The Road to the Sun is open for the first 18 mikes to a place called Avalanche Point. The crews continue to remove huge amounts of snow from the higher elevations. I was told by the kindly Ranger named Art that I met in the Visitors Center after I came down that it is not unusual and the good news is that the storm that was due this week which would have undone much of the work, it never materialized. I spend some time watching a video of the men doing the removal and looking at the relief map and historical material at the Center. Art is good enough to tell me the pros and cons of the various routes I can take tomorrow when I go  to Canada  to see that side of the this International Peace Park and  maps out the one he thinks is best. Occasionally, "tourists" come by and ask questions. Many have good questions and serious discussions about which campsites and trails are open. One lady demanded to know where she should go to see the "animals." Another man, whose question labeled him a life long city dweller pointed at a road on a map and demanded to know if there were bears there right now. Art handled him and the others graciously. When he saw my smile, he said the best question, and one he hears all summer, is "What time do you let the bears out?" Art has been here 30 years and had it not been time for his lunch I could have listened to his stories of Mountain Goats and Moose all day.

The park is an enchanting place even in the rain, even before they let the bears out and whether you see the animals or not. Some say the Canadian side looks better. I find it hard to believe it can beat this place of clouds and glaciers and rainstorms and mountains in the mist..
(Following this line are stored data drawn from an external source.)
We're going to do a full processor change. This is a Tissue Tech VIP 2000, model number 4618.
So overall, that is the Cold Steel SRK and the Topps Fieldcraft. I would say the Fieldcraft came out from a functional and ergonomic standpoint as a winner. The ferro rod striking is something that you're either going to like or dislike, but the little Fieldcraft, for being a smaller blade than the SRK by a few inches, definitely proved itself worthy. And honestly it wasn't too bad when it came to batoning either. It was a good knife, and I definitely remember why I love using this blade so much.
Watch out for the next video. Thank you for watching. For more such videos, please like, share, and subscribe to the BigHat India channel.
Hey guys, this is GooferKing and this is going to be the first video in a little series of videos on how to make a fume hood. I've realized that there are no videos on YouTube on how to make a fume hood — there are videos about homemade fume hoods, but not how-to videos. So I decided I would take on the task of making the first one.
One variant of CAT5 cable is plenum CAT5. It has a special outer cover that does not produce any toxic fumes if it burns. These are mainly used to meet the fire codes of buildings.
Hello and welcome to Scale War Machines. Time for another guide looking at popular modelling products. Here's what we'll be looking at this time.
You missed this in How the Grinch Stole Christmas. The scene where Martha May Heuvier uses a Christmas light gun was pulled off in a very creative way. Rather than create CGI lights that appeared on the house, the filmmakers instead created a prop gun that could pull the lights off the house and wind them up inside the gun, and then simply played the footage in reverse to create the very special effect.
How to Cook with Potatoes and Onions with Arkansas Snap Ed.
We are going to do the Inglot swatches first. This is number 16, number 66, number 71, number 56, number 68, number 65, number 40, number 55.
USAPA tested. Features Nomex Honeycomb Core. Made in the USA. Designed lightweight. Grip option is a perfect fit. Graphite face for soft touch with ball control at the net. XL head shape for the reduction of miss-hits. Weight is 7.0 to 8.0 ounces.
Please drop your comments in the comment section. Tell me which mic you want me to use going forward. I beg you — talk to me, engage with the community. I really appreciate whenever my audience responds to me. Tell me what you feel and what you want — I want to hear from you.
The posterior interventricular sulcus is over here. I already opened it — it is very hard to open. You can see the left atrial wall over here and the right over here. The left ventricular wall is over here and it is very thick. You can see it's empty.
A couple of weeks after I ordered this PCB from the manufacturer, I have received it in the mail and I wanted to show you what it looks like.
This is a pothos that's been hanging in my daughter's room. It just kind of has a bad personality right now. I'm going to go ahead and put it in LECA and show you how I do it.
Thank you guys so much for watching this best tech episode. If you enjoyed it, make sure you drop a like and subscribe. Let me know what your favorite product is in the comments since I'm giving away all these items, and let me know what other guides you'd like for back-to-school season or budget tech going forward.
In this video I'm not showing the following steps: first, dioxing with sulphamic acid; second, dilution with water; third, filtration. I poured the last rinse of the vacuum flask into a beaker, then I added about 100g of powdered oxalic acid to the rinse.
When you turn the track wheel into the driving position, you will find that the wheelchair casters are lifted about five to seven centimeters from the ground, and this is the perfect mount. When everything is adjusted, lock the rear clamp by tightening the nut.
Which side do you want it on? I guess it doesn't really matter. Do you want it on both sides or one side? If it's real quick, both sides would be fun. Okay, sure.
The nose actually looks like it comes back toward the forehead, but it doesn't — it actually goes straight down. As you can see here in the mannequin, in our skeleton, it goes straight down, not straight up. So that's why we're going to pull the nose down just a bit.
 It's been more than 2,000 miles getting this far. In another 200 or so I will be entitled to an opinion. and am very glad I came.

Wednesday, May 30, 2012

M is for madness

The trip continues in a bit better weather. It is mostly overcast, 40 degrees at night but in the 60's in the day time if you don't happen to be crossing the Bitterroot Mountains. As I left Idaho, the owner of the campground suggested that it was good that I waited another day since the rain we had was snow "up in the pass" and they were "chaining up" to get through. Now I am an easterner and went to school in northern Vermont so I understand all those terms it is just not what I expected to hear in May, nor were they things I was prepared to deal with now.. Just wrestling the water hose into loops in the 38 degree weather the following morning was enough winter for me.

There was lots of snow over the pass as I went on to Missoula. I was not quite prepared for Missoula. It was a one night stand to refill the refrigerator, steam clean myself and the van, and get the laundry done. These are always busy, somewhat annoying stops and the night, as this one, was spent in a motel.

So far as I can tell there is a "Casino" on every other corner in Missoula. Some of the small towns on the way up had three of them and one gas station with no other visible business. These are not, I an assured by the motel staff, the same as the "Indian Casinos" in that they only offer Keno and of course poker after 7 PM. I failed to understand any of that, but there it is. Casinos of this type are legal here. It is apparently the way Montana keeps its taxes down. What state does have a gimmick?

The madness of Missoula is that essentially  every possible business is on the same street. It isn't downtown (there is one and it is quite historic and lovely) but rather in a higgly piggly collection of open strip malls which seems strange given the weather here. Reserve Street, which runs north and south along the western side of town an it is where you go for anything possible  in Missoula.  Worse, it is the street everyone uses to get to and from work.Worse yet is that the paucity of traffic lights leaves one wondering how to cross over to go where one needs to go. One wag at the motel suggested that it may be the reason there are food stores and restaurants on each side. They really aren't in competition with one another,the one you will go to will depend on whether you are north or south bound.

Makes as much sense as the street.

NOTE: Reamus goes over the border (if they let him) on Friday. Posting could be light for the next ten days. Or not.

Sunday, May 27, 2012


The time from Bryce to my current place on the Salmon River was nice at first, then boring and then, after one afternoon of eagle and elk stalking at my destination, has turned to rain showers with a wind chill of about 36 degrees. I can't say it is fun to be outside, but, at the risk of becoming claustrophobic I am trying to be out there as much as the weather will allow.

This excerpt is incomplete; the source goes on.